Elise Apelian is a senior staff photographer who joined The Hatchet her freshman year and will graduate in May.
If someone told me freshman year I would leave GW as a photojournalist, I would have laughed. That wasn’t the plan. The plan was to be a very serious, no nonsense, hard news reporter.
Maybe my GW experience would have been easier if I had stuck to my plan – but photojournalism pushes you to struggle and figure out who you are and what you want. At a university with a single photojournalism class, that frustration is compounded. I realized I wasn’t going to learn everything I needed to learn in a classroom.
I filled out half a dozen transfer applications sophomore year, but I didn’t send them. Something held me back. Something told me to stay. That something was The Hatchet. Everything I learned about photojournalism I learned from The Hatchet.
Well, the future of photojournalism at GW is about to enter a new phase as I’m about to depart. I’ll graduate from the University and from The Hatchet this month, just before dozens of photojournalism students at the Corcoran College of Art + Design become members of the GW community.
As that new phase begins, I wanted to lay out what I’ve learned in my four years as a photojournalist:

Photo No. 1 (Silvia Zenteno portrait) and photo No. 2 (Katie Duman portrait):
The technical components of ISO, shutter speed and aperture are much easier concepts to teach than how to photograph those who have experienced trauma. Sensitivity and demeanor are more complex than depth of field.
Sometimes our lens gets in the way of us being people. Sometimes we come off as voyeurs. And maybe to a certain extent we are, but we look and shoot to explain. If we forget why we look, we are no longer photojournalists.

Photo No. 3 (Occupy protestor):
Movements like Occupy Wall Street can be challenging for young photojournalists. Occupy was extremely fractured and constantly in a state of flux. In order to explain Occupy, you had to understand Occupy.
This is why shooting is actually a very small part of what it means to be a photojournalist. I spent most of my time at Occupy talking to people, not shooting.
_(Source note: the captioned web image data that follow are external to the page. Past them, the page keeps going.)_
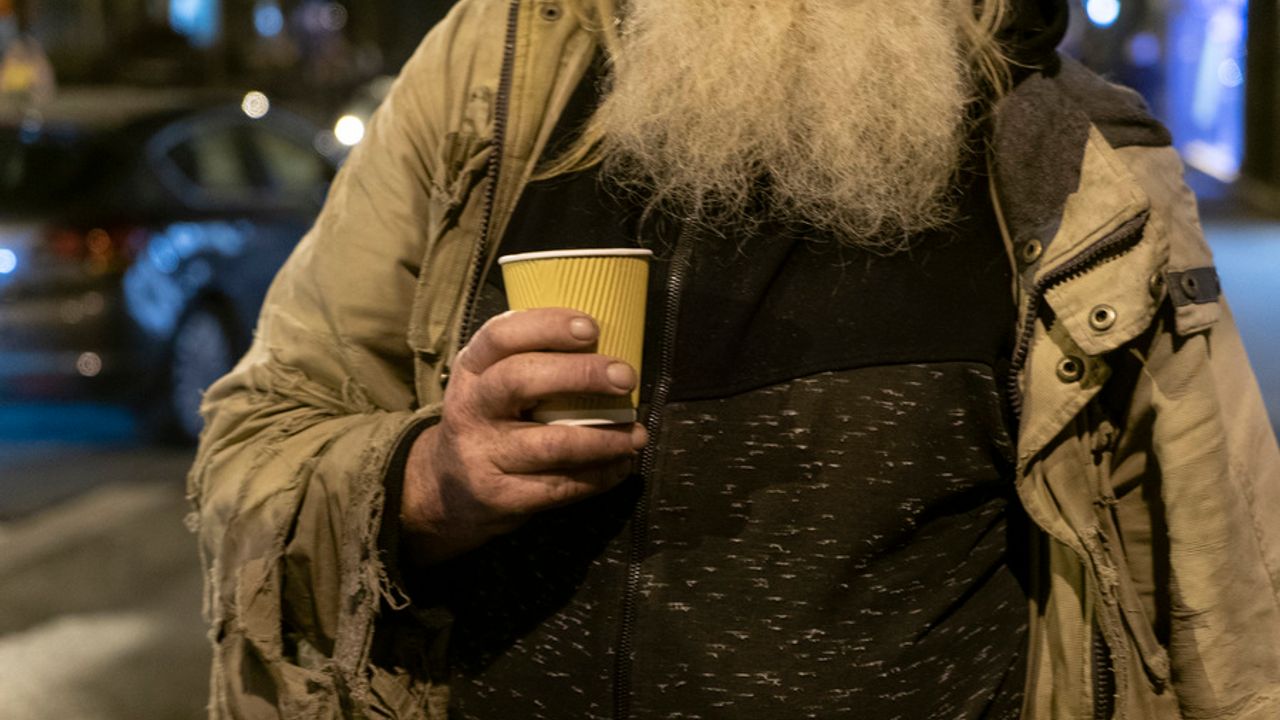 Personne sans-abri tenant un gobelet.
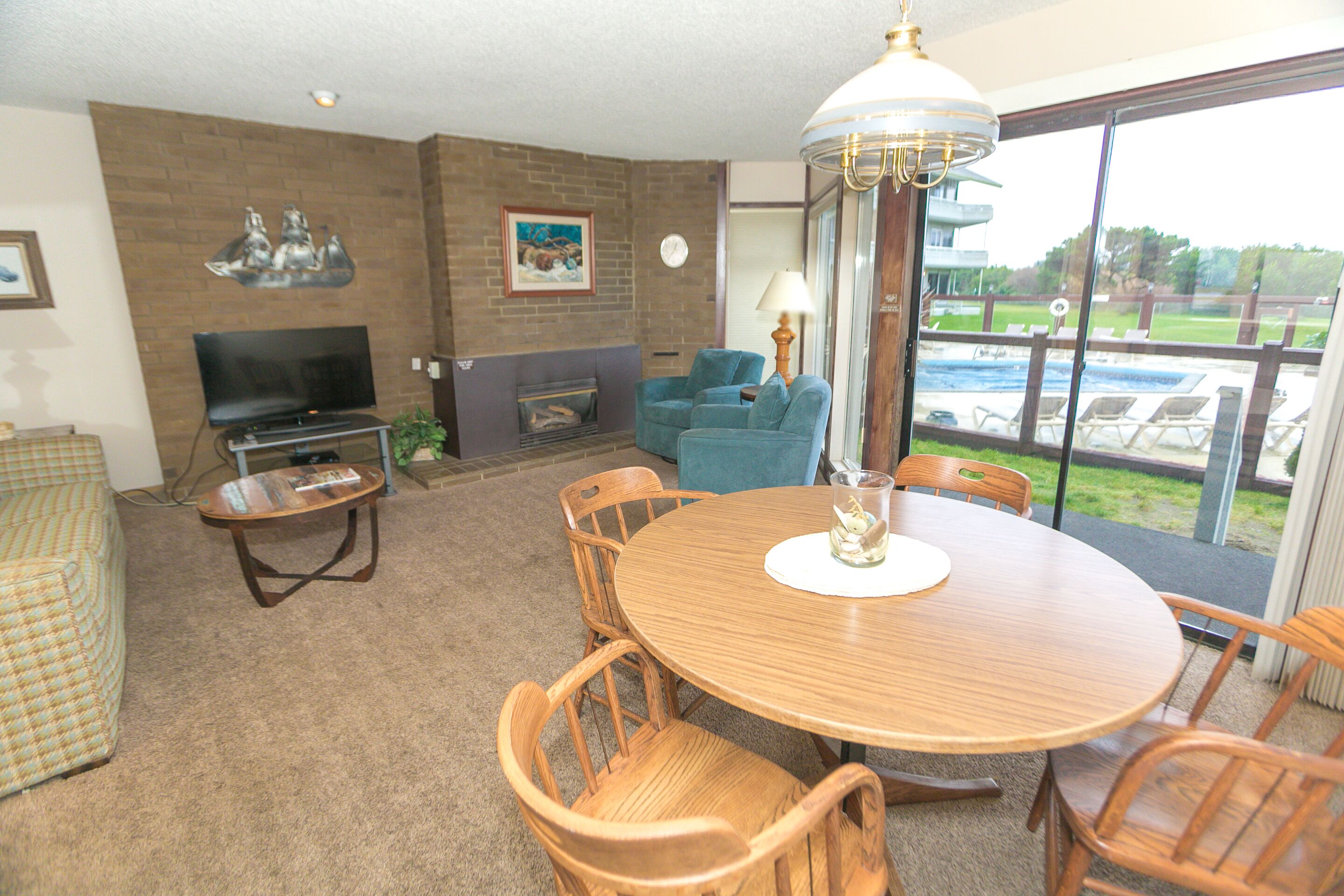 A living room with a wooden dining table, chairs, a TV, and a fireplace.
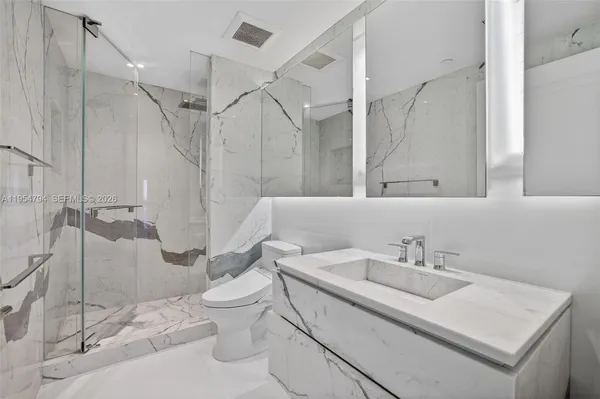 a view of a city with tall buildings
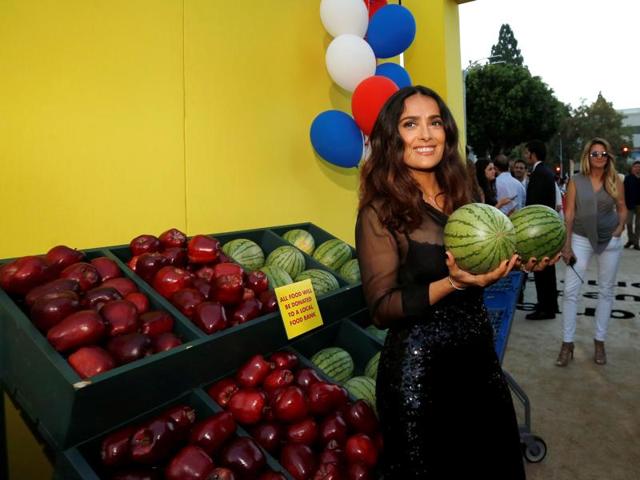 Salma Hayek holds two melons as she poses at the premiere for the movie Sausage Party. (REUTERS) Salma Hayek holds two melons as she poses at the premiere for the movie Sausage Party. (REUTERS)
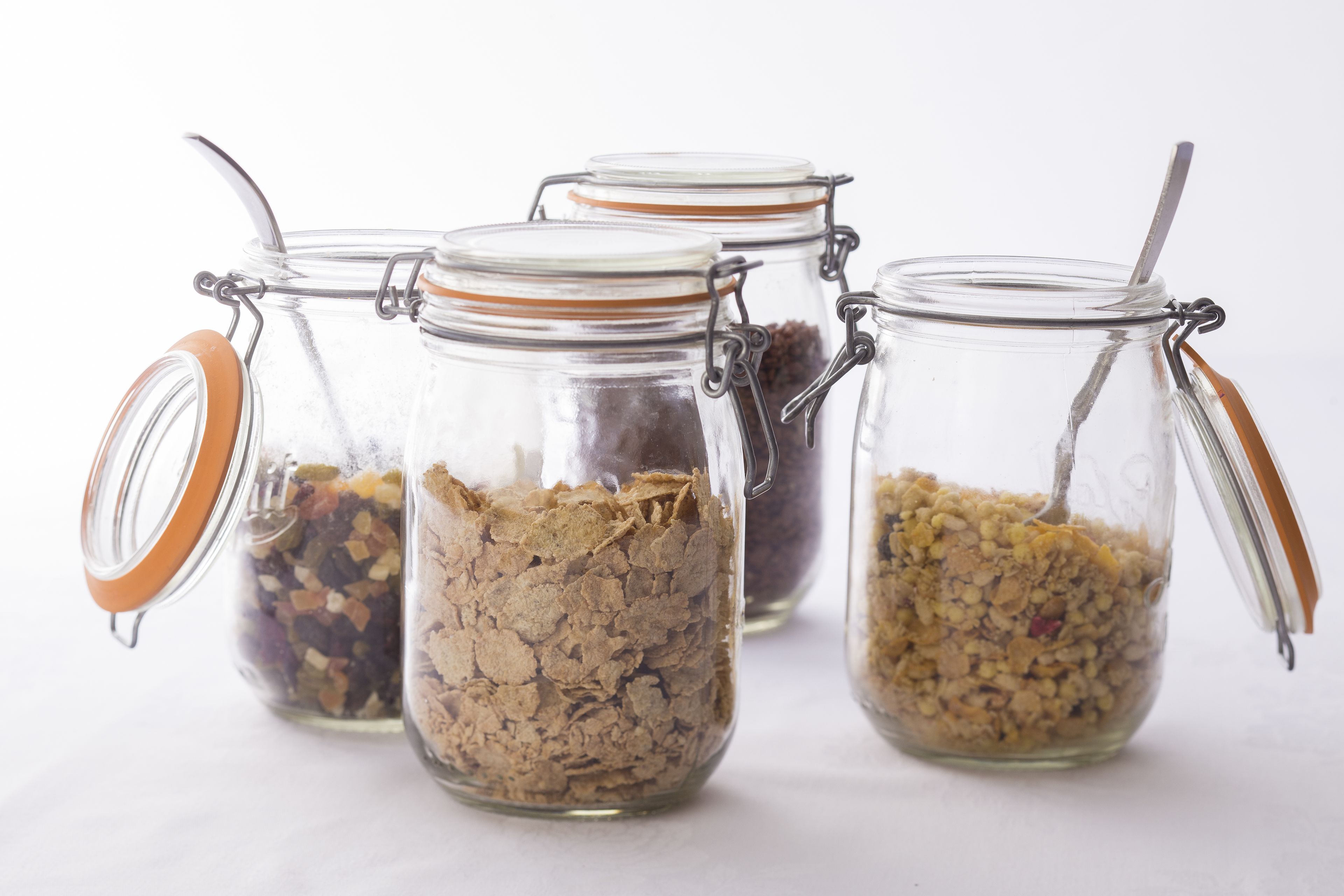 Cuatro frascos de vidrio con cierres metálicos y asas anaranjadas, que contienen diversos cereales y semillas.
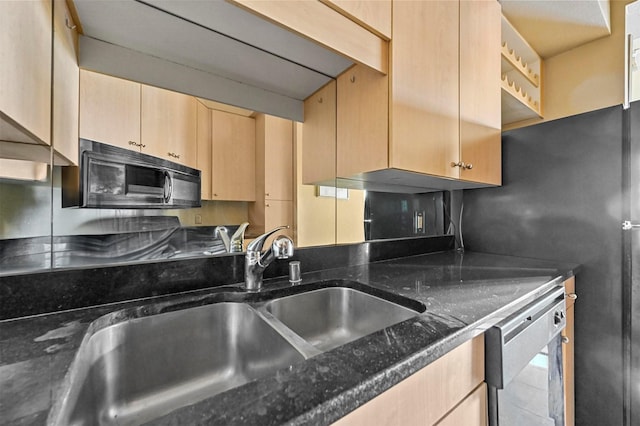 kitchen with sink, dishwasher, dark stone counters, and light brown cabinets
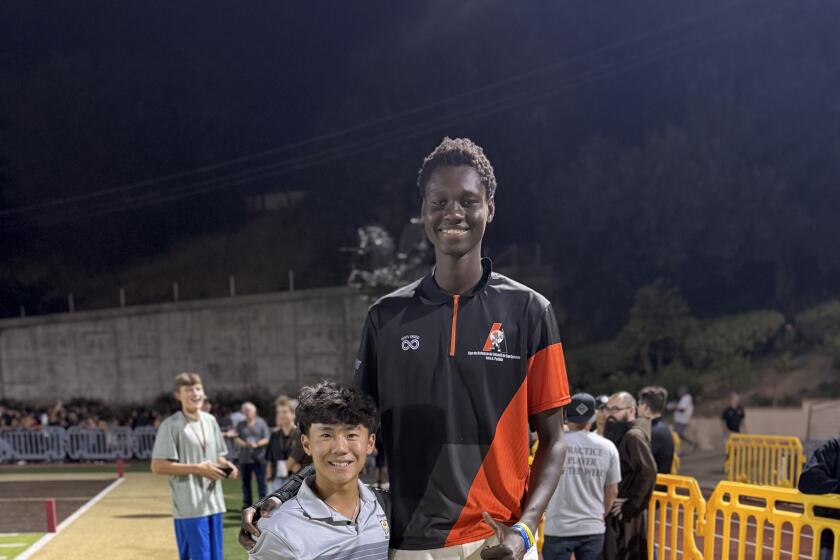 St. Francis standout sophomore golfer Jaden Soong hangs out with 7-4 classmate Cherif Millogo.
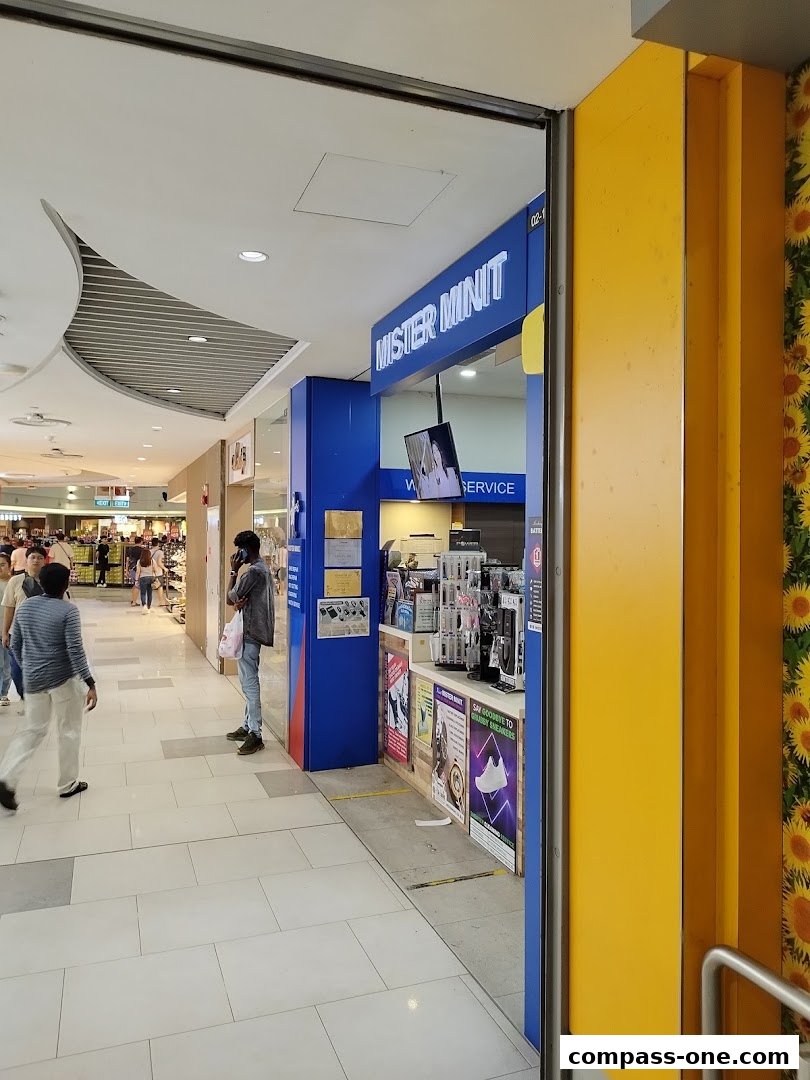 The entrance to Mister Minit, a shop offering various services and products.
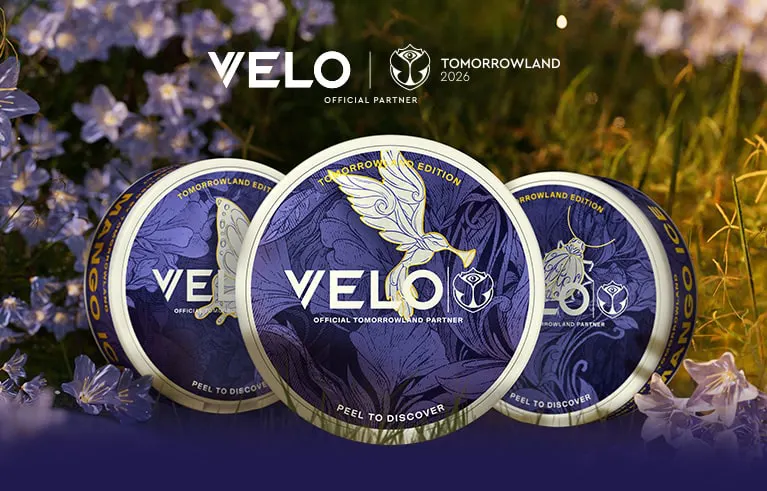 Official VELO Tomorrowland 2026 partner banner showing three limited edition nicotine pouch cans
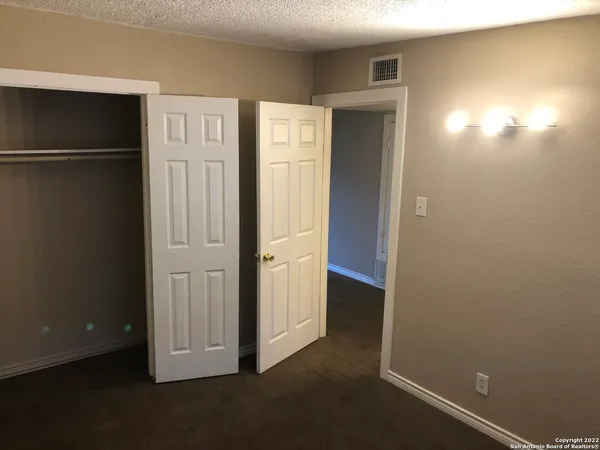 a view of a backyard with a garden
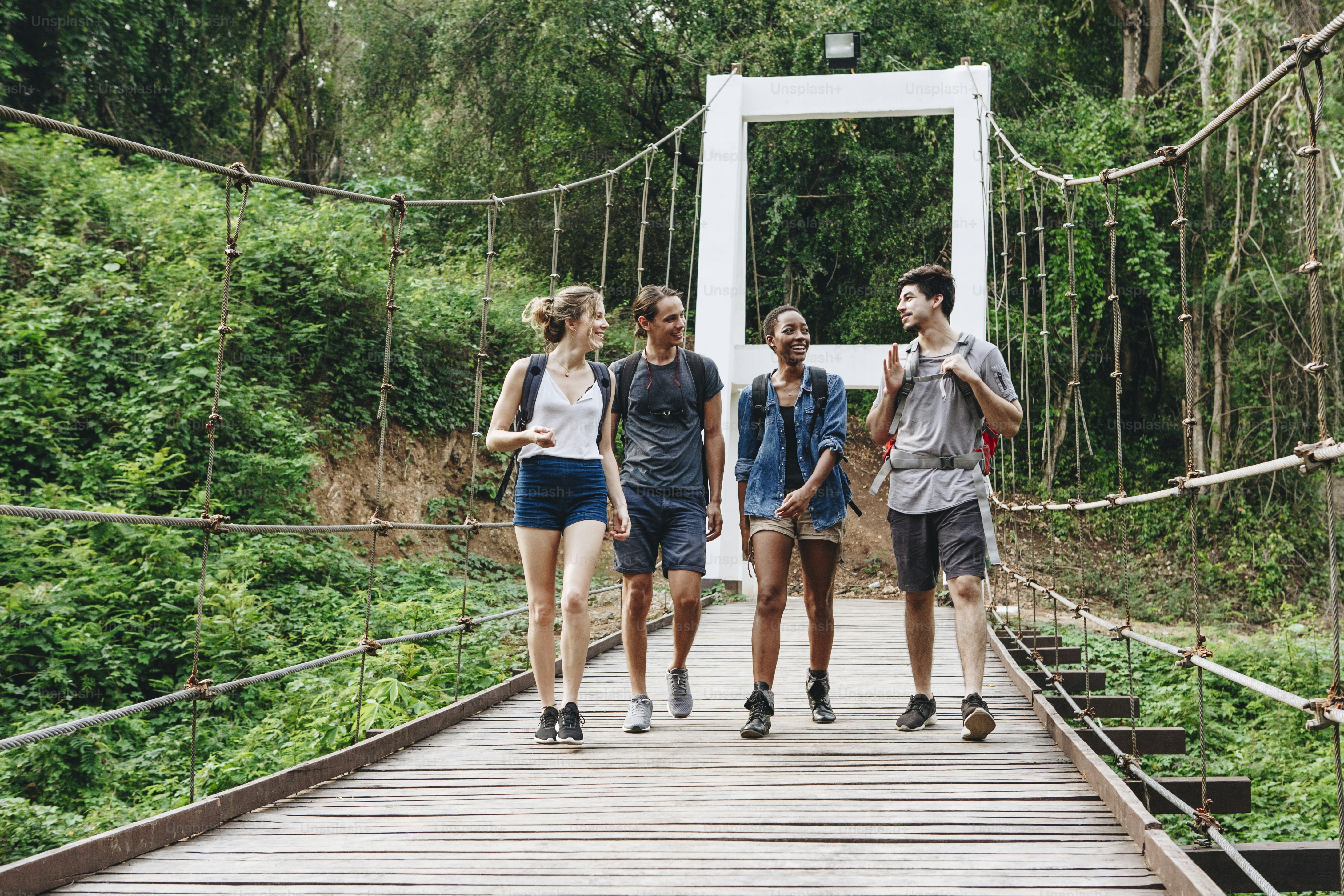 Freunde, die auf einer Brücke in der Natur spazieren gehen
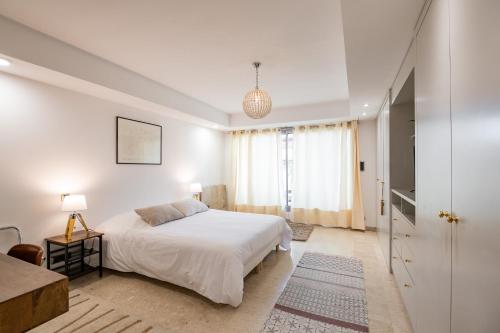 une chambre blanche avec un lit et une fenêtre dans l'établissement Chauvain Résidence, à Nice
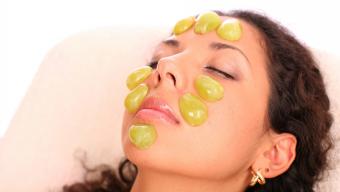 grapes on face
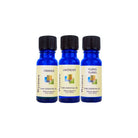 Orange, Lavender, and Ylang Ylang essential oils in blue bottles on a white background.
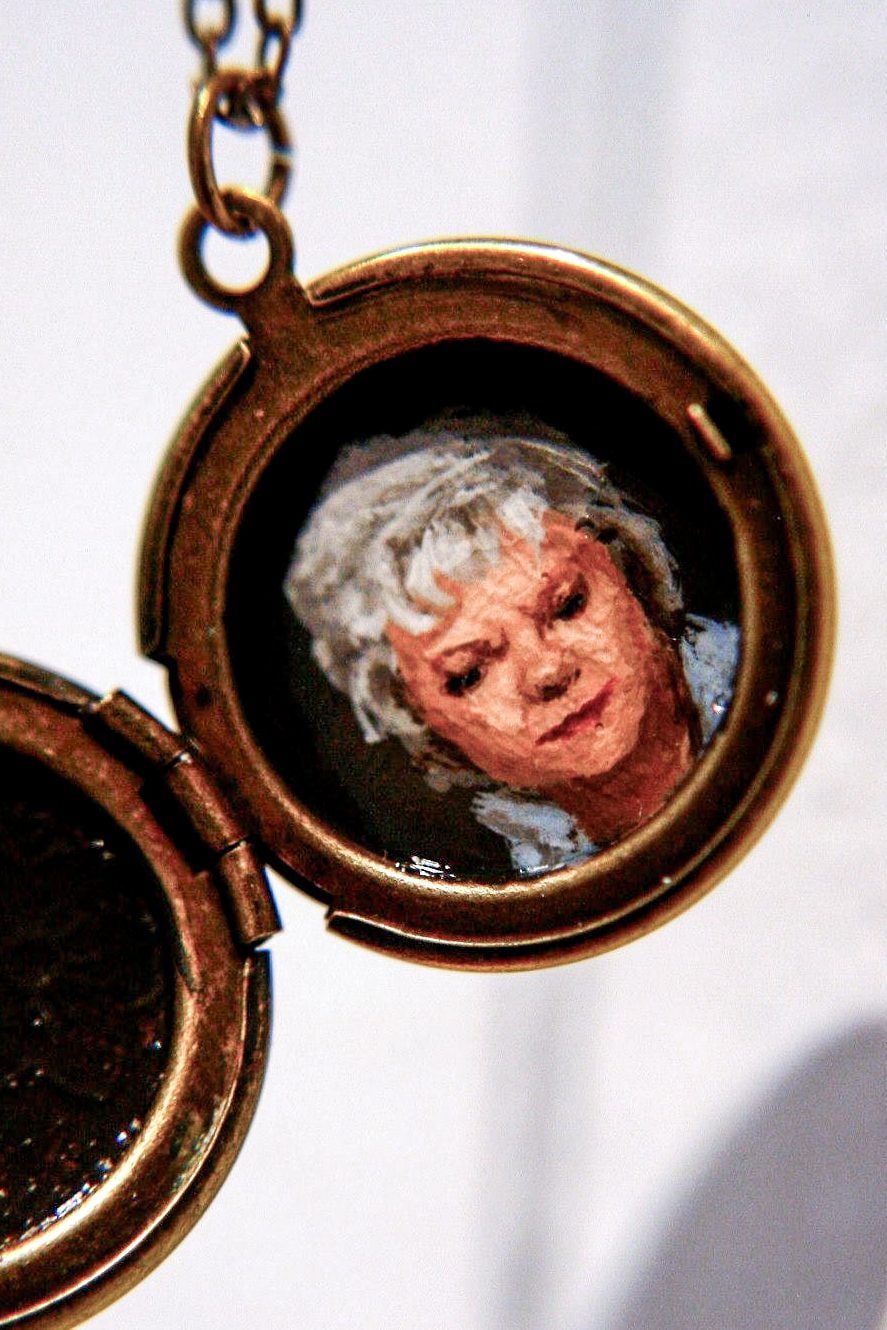 Open bronze round locket holding a painted portrait of a woman with curly white hair.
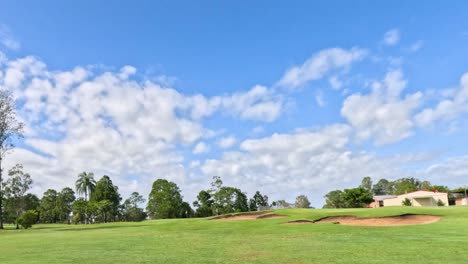 time-lapse of clouds over a tranquil golf course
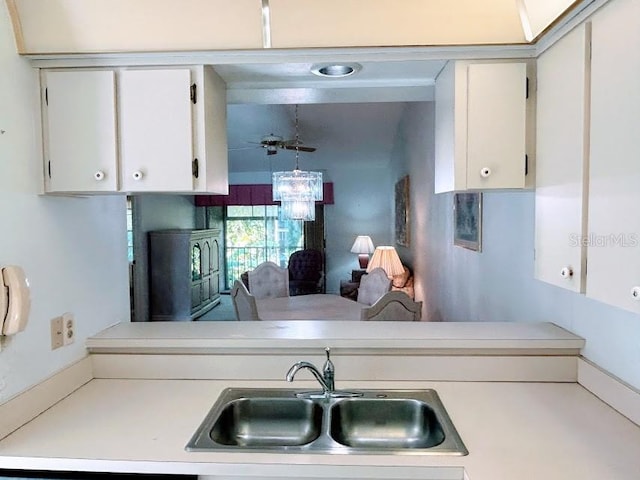 kitchen featuring white cabinetry and sink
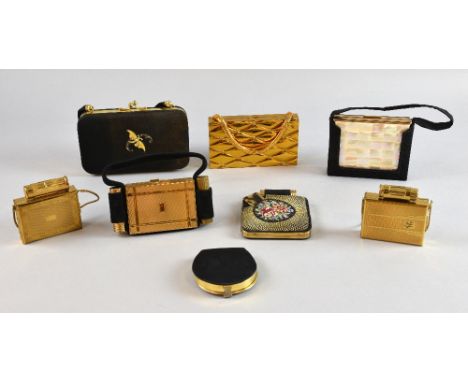 A collection of carryalls and keepalls in gilt metal, silk, mother of pearl and tapestry finishes, including examples signed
Conceptualizing the movement and then conceptualizing an image to explain that movement became much more important. I learned to be conscious of what I was choosing to include or exclude in the frame and why.

Photo No. 4 (Aabid Mohiuddin portrait):
No matter where or for whom you work, you will find yourself in a situation where the lighting sucks and the only thing you can do is deal with it. We must be able to adapt and use our eye to make even the most hideous fluorescent light aesthetically pleasing in some way. All of these challenges simply help you become a better photojournalist. You will also have days when the photo gods bless you with better lighting than anything you could have imagined.